ABOUT THIS TASK
For the entries that follow, restate word for word the line containing "Fototapeta Świątynia Ulun", the line containing "Wit en eikenlook", and every line that lies between them.

PROVIDED MATERIAL
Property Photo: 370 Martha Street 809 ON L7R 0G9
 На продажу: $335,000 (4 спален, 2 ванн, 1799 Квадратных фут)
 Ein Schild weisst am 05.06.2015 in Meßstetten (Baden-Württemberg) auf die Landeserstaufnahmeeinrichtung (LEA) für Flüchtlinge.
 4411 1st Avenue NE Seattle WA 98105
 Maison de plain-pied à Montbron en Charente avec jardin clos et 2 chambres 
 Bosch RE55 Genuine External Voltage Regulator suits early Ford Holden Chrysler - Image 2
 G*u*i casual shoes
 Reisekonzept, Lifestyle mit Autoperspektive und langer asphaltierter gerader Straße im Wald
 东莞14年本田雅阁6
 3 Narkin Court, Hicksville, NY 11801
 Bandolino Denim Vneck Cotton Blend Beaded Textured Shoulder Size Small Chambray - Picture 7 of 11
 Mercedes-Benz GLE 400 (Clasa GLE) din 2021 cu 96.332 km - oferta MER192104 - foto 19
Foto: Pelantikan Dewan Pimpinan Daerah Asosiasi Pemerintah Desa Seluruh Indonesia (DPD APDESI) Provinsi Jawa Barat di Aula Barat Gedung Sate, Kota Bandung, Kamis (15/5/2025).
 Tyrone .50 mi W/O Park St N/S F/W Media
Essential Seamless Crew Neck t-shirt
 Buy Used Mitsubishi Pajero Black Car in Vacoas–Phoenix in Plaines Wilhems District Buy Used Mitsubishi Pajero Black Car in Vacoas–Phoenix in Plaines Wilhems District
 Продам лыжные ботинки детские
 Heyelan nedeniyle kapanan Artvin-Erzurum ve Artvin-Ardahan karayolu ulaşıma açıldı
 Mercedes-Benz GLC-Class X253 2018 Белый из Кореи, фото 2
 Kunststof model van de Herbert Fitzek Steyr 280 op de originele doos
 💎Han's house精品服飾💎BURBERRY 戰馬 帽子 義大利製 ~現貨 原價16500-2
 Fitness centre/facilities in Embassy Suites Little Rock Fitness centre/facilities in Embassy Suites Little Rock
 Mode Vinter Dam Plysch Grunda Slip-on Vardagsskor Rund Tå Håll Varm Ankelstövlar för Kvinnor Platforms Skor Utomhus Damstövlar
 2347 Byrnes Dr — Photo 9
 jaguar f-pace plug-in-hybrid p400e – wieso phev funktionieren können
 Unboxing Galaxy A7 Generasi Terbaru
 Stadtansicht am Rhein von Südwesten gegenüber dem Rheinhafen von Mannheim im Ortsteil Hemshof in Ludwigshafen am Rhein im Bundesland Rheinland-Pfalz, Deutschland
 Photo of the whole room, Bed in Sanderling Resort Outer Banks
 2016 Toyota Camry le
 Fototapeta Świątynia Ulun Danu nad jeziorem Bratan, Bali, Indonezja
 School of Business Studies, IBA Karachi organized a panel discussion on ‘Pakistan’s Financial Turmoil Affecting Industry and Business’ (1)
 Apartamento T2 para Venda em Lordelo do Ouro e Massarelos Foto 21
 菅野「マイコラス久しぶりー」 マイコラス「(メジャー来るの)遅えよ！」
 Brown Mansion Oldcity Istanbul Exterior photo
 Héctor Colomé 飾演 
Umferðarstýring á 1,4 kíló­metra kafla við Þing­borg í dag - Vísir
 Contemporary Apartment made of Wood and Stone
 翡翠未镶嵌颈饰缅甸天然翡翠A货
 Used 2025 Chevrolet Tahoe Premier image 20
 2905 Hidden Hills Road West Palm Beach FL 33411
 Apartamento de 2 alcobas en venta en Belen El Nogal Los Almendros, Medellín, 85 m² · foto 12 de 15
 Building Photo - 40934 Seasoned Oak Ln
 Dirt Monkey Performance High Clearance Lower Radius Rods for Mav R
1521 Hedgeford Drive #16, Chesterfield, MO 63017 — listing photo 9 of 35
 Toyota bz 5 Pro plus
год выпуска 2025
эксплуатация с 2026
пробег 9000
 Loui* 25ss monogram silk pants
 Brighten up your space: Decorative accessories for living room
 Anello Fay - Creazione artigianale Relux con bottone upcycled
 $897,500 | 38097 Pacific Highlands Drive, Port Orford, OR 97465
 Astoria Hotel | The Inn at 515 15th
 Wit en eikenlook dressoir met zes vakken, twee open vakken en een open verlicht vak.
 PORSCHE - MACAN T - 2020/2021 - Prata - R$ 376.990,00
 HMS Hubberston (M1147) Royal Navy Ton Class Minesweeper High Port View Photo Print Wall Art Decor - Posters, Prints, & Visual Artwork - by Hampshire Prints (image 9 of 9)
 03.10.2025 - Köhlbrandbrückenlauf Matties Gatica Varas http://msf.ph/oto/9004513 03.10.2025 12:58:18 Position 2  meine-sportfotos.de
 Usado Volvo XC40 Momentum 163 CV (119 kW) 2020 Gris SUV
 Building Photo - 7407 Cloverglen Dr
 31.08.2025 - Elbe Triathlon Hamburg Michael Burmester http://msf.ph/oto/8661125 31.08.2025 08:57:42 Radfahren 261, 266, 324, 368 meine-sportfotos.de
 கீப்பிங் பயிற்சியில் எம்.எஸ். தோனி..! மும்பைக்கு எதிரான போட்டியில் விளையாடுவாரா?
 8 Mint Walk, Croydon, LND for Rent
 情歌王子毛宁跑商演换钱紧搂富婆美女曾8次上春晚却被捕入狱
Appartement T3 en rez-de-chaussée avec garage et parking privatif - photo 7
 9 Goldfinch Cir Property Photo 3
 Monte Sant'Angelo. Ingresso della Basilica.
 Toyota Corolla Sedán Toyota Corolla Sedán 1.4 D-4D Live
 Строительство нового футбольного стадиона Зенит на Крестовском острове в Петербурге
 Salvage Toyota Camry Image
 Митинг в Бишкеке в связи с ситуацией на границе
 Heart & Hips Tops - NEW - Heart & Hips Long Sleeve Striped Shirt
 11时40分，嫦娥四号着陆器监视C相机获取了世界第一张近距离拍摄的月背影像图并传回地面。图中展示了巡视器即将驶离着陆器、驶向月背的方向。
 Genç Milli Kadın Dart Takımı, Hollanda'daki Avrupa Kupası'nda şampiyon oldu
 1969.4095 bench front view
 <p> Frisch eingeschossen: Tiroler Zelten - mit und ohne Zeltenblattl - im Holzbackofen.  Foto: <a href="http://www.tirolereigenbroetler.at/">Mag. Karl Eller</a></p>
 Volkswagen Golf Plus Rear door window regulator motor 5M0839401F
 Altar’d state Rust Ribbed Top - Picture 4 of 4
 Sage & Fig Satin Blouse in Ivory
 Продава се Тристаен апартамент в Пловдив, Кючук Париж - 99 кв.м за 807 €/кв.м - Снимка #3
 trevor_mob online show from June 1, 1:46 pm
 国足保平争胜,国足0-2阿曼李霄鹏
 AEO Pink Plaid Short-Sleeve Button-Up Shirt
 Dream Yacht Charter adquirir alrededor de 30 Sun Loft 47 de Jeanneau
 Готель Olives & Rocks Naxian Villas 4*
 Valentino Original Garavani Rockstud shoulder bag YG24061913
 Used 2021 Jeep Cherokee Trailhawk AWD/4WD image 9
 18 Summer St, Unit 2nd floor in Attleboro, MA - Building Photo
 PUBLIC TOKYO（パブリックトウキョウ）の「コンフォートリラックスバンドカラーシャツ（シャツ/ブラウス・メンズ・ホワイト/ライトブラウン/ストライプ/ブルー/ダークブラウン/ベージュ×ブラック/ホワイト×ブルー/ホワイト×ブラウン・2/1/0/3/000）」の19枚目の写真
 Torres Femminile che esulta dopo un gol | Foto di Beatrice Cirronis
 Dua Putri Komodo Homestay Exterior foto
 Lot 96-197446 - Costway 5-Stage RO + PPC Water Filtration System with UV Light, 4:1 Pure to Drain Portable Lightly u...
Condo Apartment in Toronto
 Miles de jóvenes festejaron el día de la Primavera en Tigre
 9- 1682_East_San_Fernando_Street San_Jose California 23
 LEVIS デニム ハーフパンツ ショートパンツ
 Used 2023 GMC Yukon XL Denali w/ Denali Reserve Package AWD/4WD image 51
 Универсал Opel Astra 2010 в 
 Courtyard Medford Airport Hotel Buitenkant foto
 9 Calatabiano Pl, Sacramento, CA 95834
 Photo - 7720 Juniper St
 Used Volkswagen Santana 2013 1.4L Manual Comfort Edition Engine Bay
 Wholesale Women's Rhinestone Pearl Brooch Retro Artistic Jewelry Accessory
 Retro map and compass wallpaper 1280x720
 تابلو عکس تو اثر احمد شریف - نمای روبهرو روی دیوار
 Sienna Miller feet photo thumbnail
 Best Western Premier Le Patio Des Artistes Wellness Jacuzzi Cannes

COMPLETED EXERCISE
 Fototapeta Świątynia Ulun Danu nad jeziorem Bratan, Bali, Indonezja
 School of Business Studies, IBA Karachi organized a panel discussion on ‘Pakistan’s Financial Turmoil Affecting Industry and Business’ (1)
 Apartamento T2 para Venda em Lordelo do Ouro e Massarelos Foto 21
 菅野「マイコラス久しぶりー」 マイコラス「(メジャー来るの)遅えよ！」
 Brown Mansion Oldcity Istanbul Exterior photo
 Héctor Colomé 飾演 
Umferðarstýring á 1,4 kíló­metra kafla við Þing­borg í dag - Vísir
 Contemporary Apartment made of Wood and Stone
 翡翠未镶嵌颈饰缅甸天然翡翠A货
 Used 2025 Chevrolet Tahoe Premier image 20
 2905 Hidden Hills Road West Palm Beach FL 33411
 Apartamento de 2 alcobas en venta en Belen El Nogal Los Almendros, Medellín, 85 m² · foto 12 de 15
 Building Photo - 40934 Seasoned Oak Ln
 Dirt Monkey Performance High Clearance Lower Radius Rods for Mav R
1521 Hedgeford Drive #16, Chesterfield, MO 63017 — listing photo 9 of 35
 Toyota bz 5 Pro plus
год выпуска 2025
эксплуатация с 2026
пробег 9000
 Loui* 25ss monogram silk pants
 Brighten up your space: Decorative accessories for living room
 Anello Fay - Creazione artigianale Relux con bottone upcycled
 $897,500 | 38097 Pacific Highlands Drive, Port Orford, OR 97465
 Astoria Hotel | The Inn at 515 15th
 Wit en eikenlook dressoir met zes vakken, twee open vakken en een open verlicht vak.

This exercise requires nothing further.